Con el 1989, el movimiento de «naturalización» del capital pudo darse por completado (capitalismus sive natura): el capitalismo se vuelve «especulativo«, en tanto la humanidad se ve reflejada en el speculum del mundo totalitario de las mercancías. Y así es, cada vez más, inducida a concebirlo como el único mundo posible, en una desertificación total del imaginario. El capitalismo llega entonces a corresponder a su propio «concepto» (Begriff) después de haber atravesado y superado su propio ser-otro-de-sí con la fase antitético-dialéctica.
Como intentamos mostrar detalladamente en Glebalizzazione (Op. cit.), el annus horribilis de 1989 coincide con la fecha epocal de la imposición del capitalismus sive natura, o sea, del fanatismo económico y del clasismo planetario hipostasiado ideológicamente en destino ineludible o en naturaleza ya para siempre dada, ni criticable ni transformable: there is no alternative.
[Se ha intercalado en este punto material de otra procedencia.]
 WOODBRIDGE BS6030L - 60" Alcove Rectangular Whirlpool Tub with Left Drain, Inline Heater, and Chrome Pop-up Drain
Es el momento de la disolución definitiva de las dicotomías burguesía-proletariado y derecha-izquierda, según la dinámica iniciada en 1968 y culminada en 1989. La subsunción de la izquierda bajo el capital, que con el Sesentayocho era formal y coexistía con fragmentos de una izquierda aún no integrada, se transforma en una subsunción real a partir de 1989, cuando la izquierda queda completamente reabsorbida dentro del horizonte de sentido del capitalismo y de su neoliberalismo progresista. Lo vive como horizonte natural y eterno, produciendo una serie interminable de perfiles antropológicos dignos del «último hombre» descrito por Nietzsche y clasificables bajo los epígrafes del «desencanto», del «arrepentimiento» y de la «conversión».
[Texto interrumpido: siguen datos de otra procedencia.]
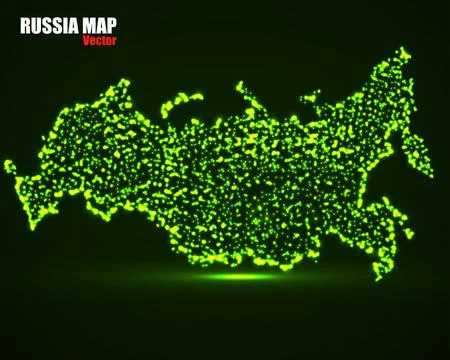 Abstract map of Russia with glowing particles, vector illustration Stock Illustration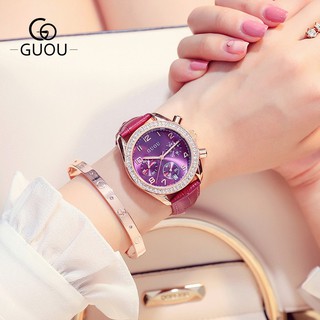 香港GUOU 8219 古歐手錶圓盤大錶盤石英手錶閃耀個性小三針滿鑽 皮帶手錶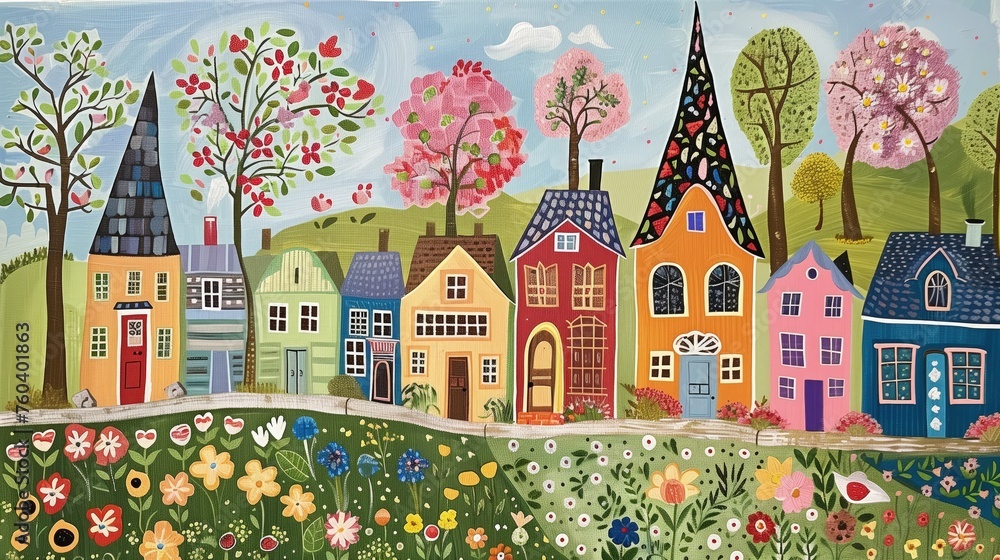 Malarstwo folklorystycznej ulicy wioski z wysokimi wąskimi domkami w rzędzie.  Kwitnące kwiaty i zielone drzewa.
Al par que la cultura burguesa, la muy contradictoria presencia de la Unión Soviética marcaba un límite para el capital. Y, como tal, debía ser superada. La Unión Soviética y el Weltdualismus que ella hizo posible (cuius regio, eius oeconomia) constituyeron, de hecho, una frontera real y simbólica para la economía de mercado: señalaban que ese no era el único mundo posible, ni el único realmente existente. Por otro lado, los famosos «treinta años gloriosos» de Occidente, comprendidos en el arco temporal que abarca de 1945 a 1975, con casi pleno empleo y un relativo bienestar, del que incluso las clases menos acomodadas se beneficiaron en parte, no fueron el regalo de un capitalismo todavía munificente y con rostro humano. Fueron, más bien, el efecto necesario de la presión ejercida por la realidad situada más allá del Muro de Berlín, un modelo alternativo de justicia social y de existencia. El comunismo implantado tras el «Telón» era la imagen misma de una alternativa posible, o también de la existencia real de la izquierda -aunque en otro lugar distinto a Occidente- y la posibilidad de pensar y ser de otra manera. Con 1989, se consuma la subsunción total de la derecha y la izquierda bajo el capital: ambas, a partir de ese momento, han metabolizado integralmente el capitalismo como destino ineluctable y la “lucha” entre las dos partes se va a librar, desde entonces, en forma de competitividad para conseguir hacerse merecedoras de implementar la mera gestión -ora a derecha, ora a izquierda- de las reformas decididas por la global class y por el orden mercadista.